What the exercise asks
Please set down, unchanged, each line from the one with "Aerial view of" to the final line of the data below, both included. Drop the pictures.

....................

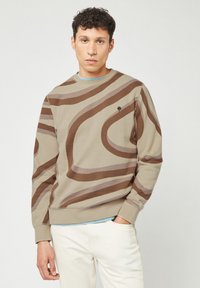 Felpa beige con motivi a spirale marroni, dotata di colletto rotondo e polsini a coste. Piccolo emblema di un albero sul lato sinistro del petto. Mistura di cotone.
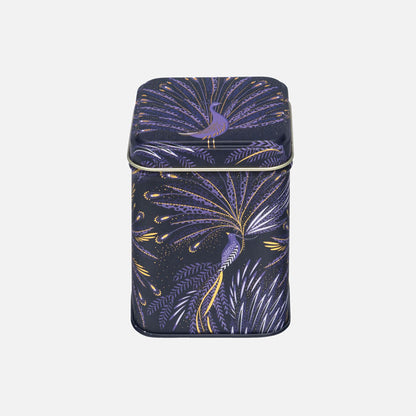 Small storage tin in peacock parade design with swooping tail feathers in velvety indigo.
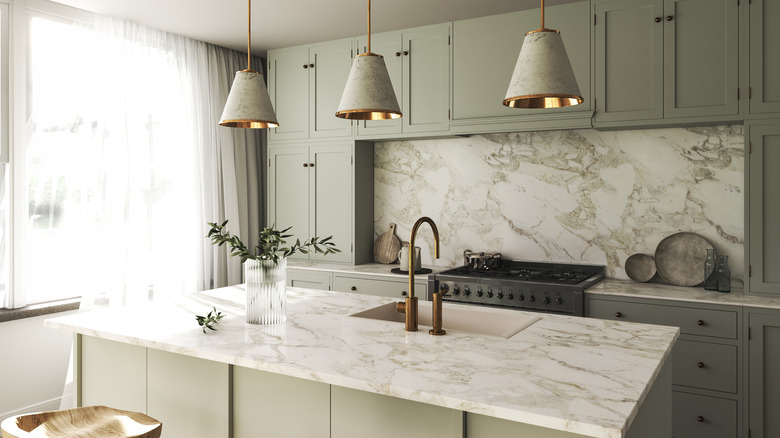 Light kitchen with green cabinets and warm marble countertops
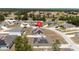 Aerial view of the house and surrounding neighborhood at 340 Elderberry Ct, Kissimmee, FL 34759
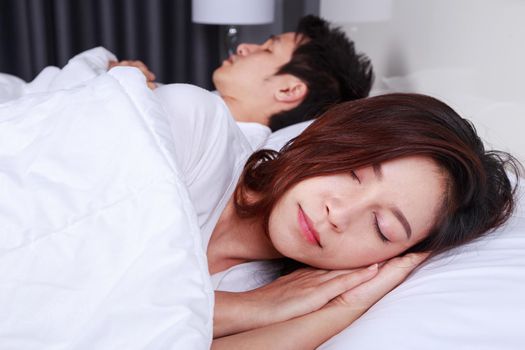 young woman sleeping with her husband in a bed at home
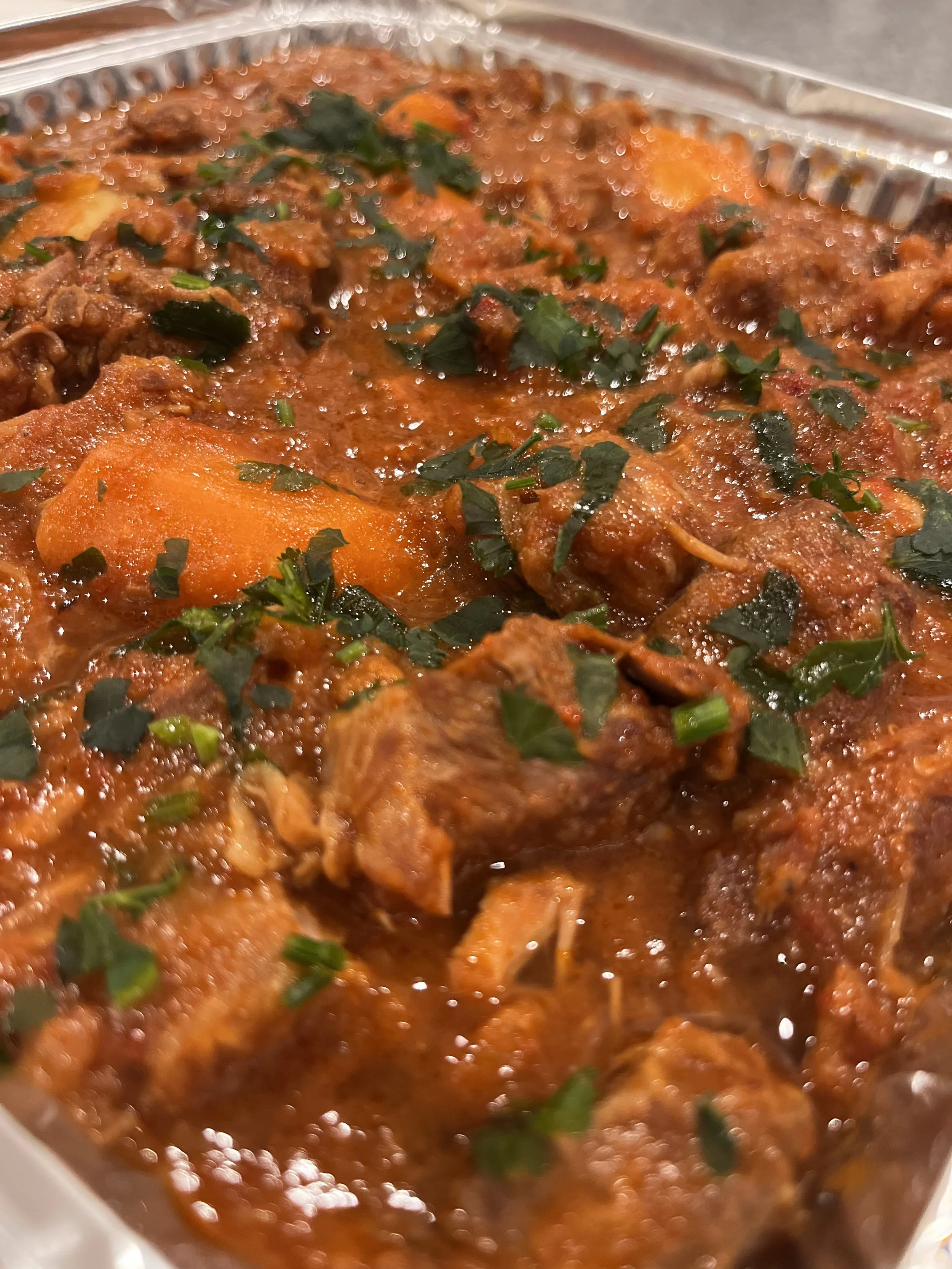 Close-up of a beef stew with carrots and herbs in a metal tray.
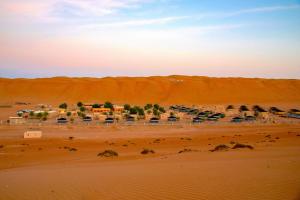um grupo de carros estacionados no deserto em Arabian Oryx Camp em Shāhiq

....................

Output below
 Aerial view of the house and surrounding neighborhood at 340 Elderberry Ct, Kissimmee, FL 34759
 young woman sleeping with her husband in a bed at home
 Close-up of a beef stew with carrots and herbs in a metal tray.
um grupo de carros estacionados no deserto em Arabian Oryx Camp em Shāhiq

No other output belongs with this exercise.